__Input__.
* * * * * * * * *

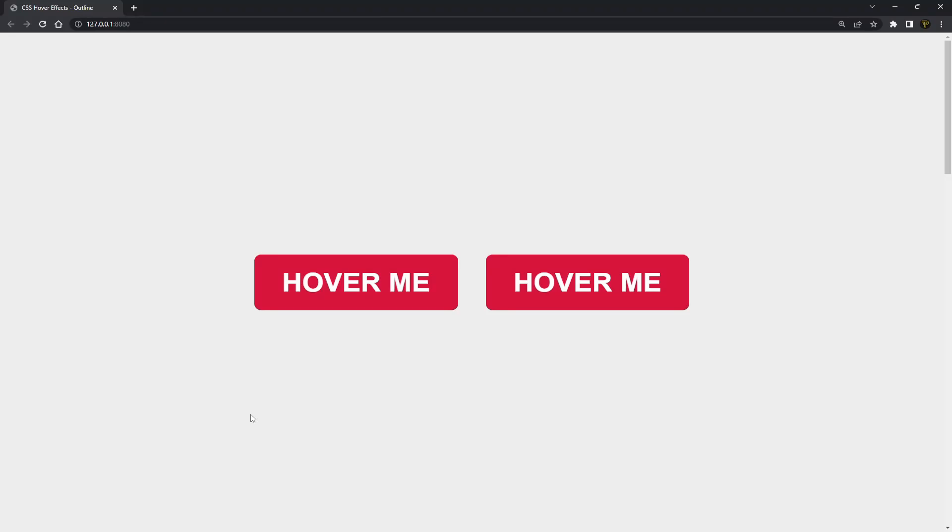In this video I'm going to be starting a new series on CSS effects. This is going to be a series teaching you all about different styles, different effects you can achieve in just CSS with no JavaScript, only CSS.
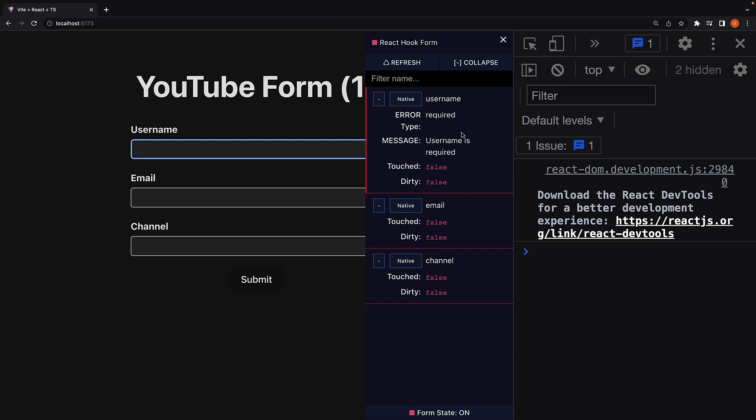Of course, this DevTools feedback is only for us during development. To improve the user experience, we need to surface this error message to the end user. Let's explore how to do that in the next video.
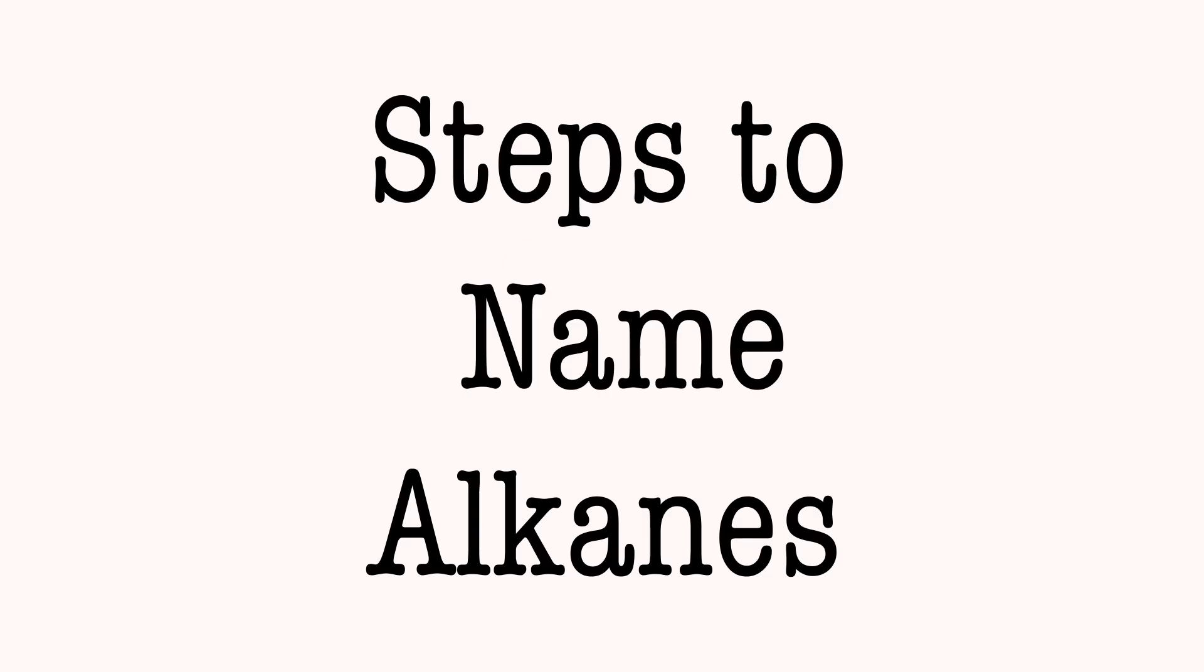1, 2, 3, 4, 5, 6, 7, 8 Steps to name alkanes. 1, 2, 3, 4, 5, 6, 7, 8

* * * * * * * * *

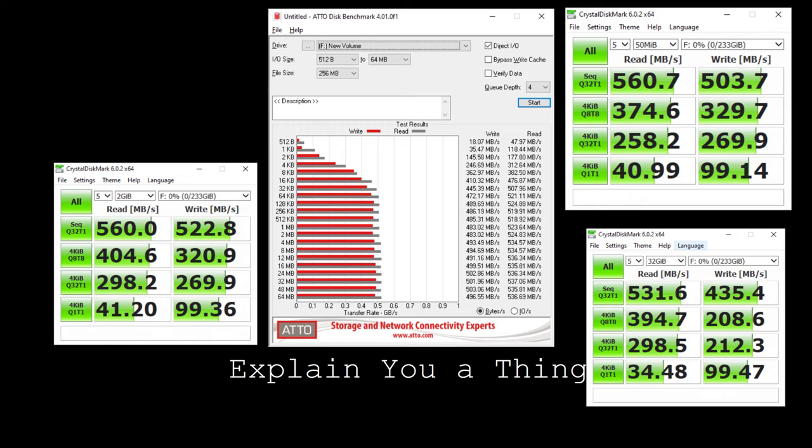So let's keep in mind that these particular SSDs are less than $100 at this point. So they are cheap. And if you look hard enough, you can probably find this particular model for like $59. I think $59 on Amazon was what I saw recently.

* * * * * * * * *

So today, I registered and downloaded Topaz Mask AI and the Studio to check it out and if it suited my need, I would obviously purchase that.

* * * * * * * * *

__Your assignment__. Would you output the lines above from the line holding "Of course, this" up to and including the line holding "1, 2, 3, 4, 5, 6, 7, 8 Steps", exactly and only those, with no pictures?

__Output for this exercise__.
Of course, this DevTools feedback is only for us during development. To improve the user experience, we need to surface this error message to the end user. Let's explore how to do that in the next video.
1, 2, 3, 4, 5, 6, 7, 8 Steps to name alkanes. 1, 2, 3, 4, 5, 6, 7, 8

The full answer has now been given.